The adage “money begets money” is being given a twist in the world of decentralised finance. Here, people can make cryptocurrencies by creating cryptocurrencies. It’s a process called “staking” that promises eye watering interest rates – if you can stomach the inevitable risks that come with it.

Cryptocurrencies run on blockchains that rely on their users to validate the transactions that are carried out on them. Transaction validators are rewarded with a batch of freshly minted cryptocurrencies that happen to run on that blockchain.

Some blockchains (not bitcoin) require validators to stump up a “stake” of cryptocurrencies as a form of deposit. Lazy or malicious validators can be fined for sloppy service – or lose their deposit (stake) altogether if they prove to be bad actors.

The rewards can be lucrative – easily 5% or even into double figures. But there are risks. Rewards vary depending on how many other validators you are competing with and a range of other factors. If the cryptocurrency you have locked up as a stake dives in value, there’s no way to sell out fast.   
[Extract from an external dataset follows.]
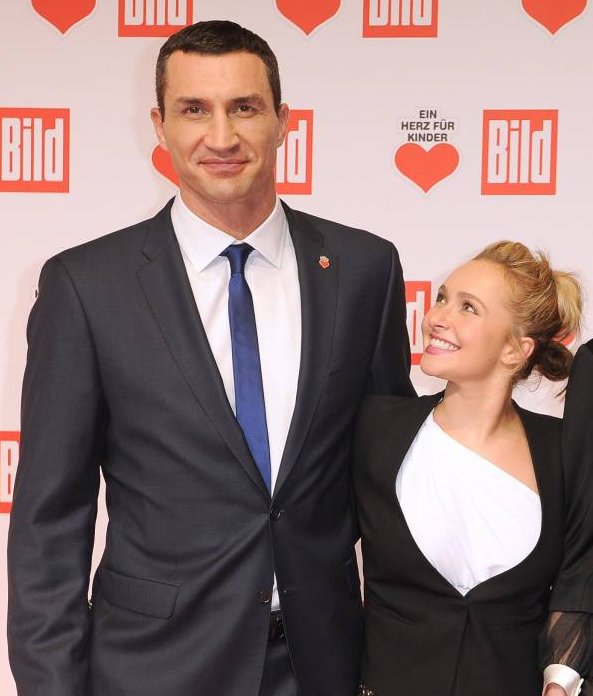 Невеста Владимира Кличко поделилась умилительным снимком их порошей дочери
Validating transactions on a blockchain is hardly child’s play. It requires know-how and specialist computer hardware and software. So it’s no surprise that crypto financial firms have stepped in to provide “staking as a service” – taking care of the complicated stuff for a fee.
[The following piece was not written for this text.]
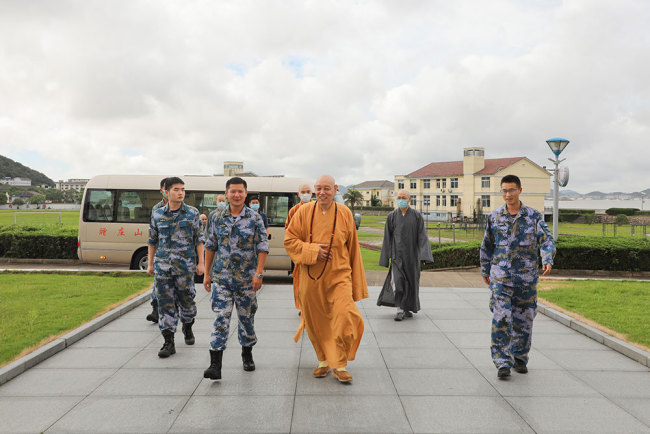 道慈大和尚一行八一建军节慰问驻普陀山部队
Switzerland’s Sygnum bank, for example, helps clients stake Tezos coins on the Tezos blockchain. But even Sygnum needs a helping hand to do this. The licensed bank has turned to Swiss crypto specialists Taurus, which has a direct connection to Tezos.


Taurus says it provides staking services to other clients, including private banks, without naming names.

The staking business appears to be taking off. Bitcoin Suisse, a financial services firm that is applying for a Swiss banking license, says staking as a service accounted for 3% of its revenues so far this year, rising to 6% of total income in the third quarter.

And now everyone is getting excited about a new version of the Ethereum blockchain – imaginatively entitled Ethereum 2.0. Ethereum is the second largest blockchain behind bitcoin. The upgraded version reached a milestone on December 1 when would-be validators staked enough ETH tokens (the cryptocurrency that runs on the Ethereum blockchain) to get the ball rolling.

Bitcoin Suisse says that its staking as a service clients pledged 87,000 ETH tokens – a sum equivalent to $51 million (CHF46 million). That equates to around 17% of the 524,288 tokens needed to get the blockchain off the ground.

Shirts to be won and lost

True to the experimental nature of blockchain and digital assets, no-one quite knows how this new business stream will pan out in future – or how many shirts may get lost on the way. Unscrupulous hackers, bugs and charlatans lurk in the back streets of decentralised finance waiting to pounce on the unwary.

But the space is also attracting a growing number of institutional investors, large funds and family offices who are streetwise in the ways of finance. They are betting that cryptocurrencies are here to stay and will increase in value. If they have got it right, their punt may well beget a handy return.